Así acontece en el Poema de Gilgameš: narra el viaje hacia los confines del mundo que el rey de Uruk, Gilgameš, y su fiel escudero, Enkidu, emprenden, en busca de lo que constituye la condición humana, del lugar que ocupan en el mundo y en relación con los dioses.
Este viaje, que Enkidu no supera, y Gilgameš concluye, tras sobreponerse a la pérdida de Enkidu y aceptar la condición mortal del hombre, tuvo una influencia decisiva en narraciones míticas y populares posteriores. Algunos de los viajes de los cuentos de Las mil y una noches se basan en las exploraciones de Gilgameš.
Ya a finales del Imperio romano, cristianos de Occidente emprendieron un viaje a Oriente, cargado de dificultades. Buscaban la tierra prometida, promesas de felicidad o vida plena. El judío Benjamín de Tudela, en el siglo xii, abandonó la Península ibérica para recorrer lo que parecían tierras limítrofes, antes de que Marco Polo empujara la última frontera que Alejandro Magno, desde Macedonia, ya había cruzado en el sigloiv a.C.
Los viajes hacia donde despuntaba el sol ya no fueron tan excepcionales a partir del siglo xvii. Alimentaron las primeras misiones arqueológicas en el Próximo Oriente desde la primera mitad del siglo xix: hombres y mujeres partían para explorar, obtener bienes, ganancias y poder, pero también por el placer de viajar y de olvidarse de dónde venían.
La exposición ha dado lugar también a un viaje por unas tierras, que la imaginación y las imágenes han presentado como tierras devastadas desde 1980. Fotografías y filmaciones de artistas contemporáneos como los anteriormente citados son testimonios de la fascinación del viaje a las fuentes de la cultura, o de lo que de ella queda.
Una exposición también es un largo recorrido: por una cultura antigua, quizá poco conocida u olvidada, y por los pasos que los estudiosos han seguido para desvelar o soñar esa cultura. Ese es el viaje que Antes del Diluvio (Mesopotamia, 3500-2100 a.C.) propone.
Viaje en el tiempo y el espacio que articula dos de los componentes inherentes a las ciudades sepultadas: la permanencia por la íntima unión de los restos con la tierra con la que se confunden, y el desplazamiento, físico y mental, que el encuentro con una cultura antigua conlleva.

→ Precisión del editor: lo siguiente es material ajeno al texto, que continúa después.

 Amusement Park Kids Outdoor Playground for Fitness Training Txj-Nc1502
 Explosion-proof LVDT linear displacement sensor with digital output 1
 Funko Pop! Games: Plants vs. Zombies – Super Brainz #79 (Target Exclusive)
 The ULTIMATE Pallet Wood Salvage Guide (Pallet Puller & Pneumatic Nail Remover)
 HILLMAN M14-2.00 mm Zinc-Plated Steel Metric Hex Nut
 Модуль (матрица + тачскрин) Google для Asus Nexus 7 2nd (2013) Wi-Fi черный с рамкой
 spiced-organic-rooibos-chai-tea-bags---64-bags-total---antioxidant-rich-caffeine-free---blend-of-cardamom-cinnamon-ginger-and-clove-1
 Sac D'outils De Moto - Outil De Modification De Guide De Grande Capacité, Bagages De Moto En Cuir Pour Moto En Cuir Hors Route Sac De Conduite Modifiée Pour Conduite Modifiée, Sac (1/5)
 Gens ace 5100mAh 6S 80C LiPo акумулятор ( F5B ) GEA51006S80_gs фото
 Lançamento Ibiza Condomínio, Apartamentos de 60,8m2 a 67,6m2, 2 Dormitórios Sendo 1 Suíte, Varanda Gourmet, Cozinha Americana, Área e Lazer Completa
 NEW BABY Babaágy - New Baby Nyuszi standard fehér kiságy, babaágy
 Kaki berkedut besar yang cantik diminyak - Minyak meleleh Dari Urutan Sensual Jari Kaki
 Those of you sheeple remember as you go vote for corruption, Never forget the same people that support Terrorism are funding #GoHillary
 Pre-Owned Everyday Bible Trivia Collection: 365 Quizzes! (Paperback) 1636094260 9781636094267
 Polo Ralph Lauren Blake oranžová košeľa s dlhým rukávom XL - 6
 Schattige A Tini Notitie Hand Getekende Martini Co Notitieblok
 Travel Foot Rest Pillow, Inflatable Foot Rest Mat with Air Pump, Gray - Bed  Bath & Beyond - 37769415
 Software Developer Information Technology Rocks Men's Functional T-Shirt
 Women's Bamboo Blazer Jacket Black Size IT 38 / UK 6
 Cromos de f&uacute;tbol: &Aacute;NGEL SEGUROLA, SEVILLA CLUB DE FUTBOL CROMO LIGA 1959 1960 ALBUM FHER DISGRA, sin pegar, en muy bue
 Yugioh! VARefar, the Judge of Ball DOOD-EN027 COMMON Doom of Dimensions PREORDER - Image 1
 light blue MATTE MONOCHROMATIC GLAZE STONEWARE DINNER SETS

Una exposición de arte antiguo consiste, en resumen, en una reflexión sobre lo que se expone y la manera como se presenta. Al igual que ocurre en la ciencia, cuando la observación modifica lo observado, la exposición crea lo que se expone. Piezas, sin duda artesanas o mágicas, adquieren el ambiguo estatuto de obra de arte, cuya función ya no consiste en educar o en poner en contacto con el mundo o los dioses, sino en «interesar», en placer «distraídamente», en despertar la atención sin mover a la acción, en animar sin alentar. Todas, desde tablillas hasta cazos, de estatuas hasta simples ladrillos, se convierten en obras dignas de ser contempladas. El arte contemporáneo ya nos ha habituado a que cualquier objeto puede ser una obra de arte: lo que realmente cuenta es el aparato crítico o textual que la acompaña y que justifica la metamorfosis de objeto a obra. Una pieza de arqueología se convierte, así, en una visión o interpretación del pasado, un pasado que construimos con las piezas tras su conversión en obras. El pasado es nuestra creación. Pues, de este modo, se dota de sentido y se nos advierte, siempre tarde, de las bondades y peligros del presente.




[1]  Texto escrito por Pedro Azara y Marc Marín. Una versión previa fue presentada, gracias a ayudas de la Fundación “la Caixa”, y de la Universidad Politécnica de Cataluña, en el congreso anual de la ASOR (American Schools  of Oriental Studies), en San Francisco (EEUU), el 19 de noviembre de 2011.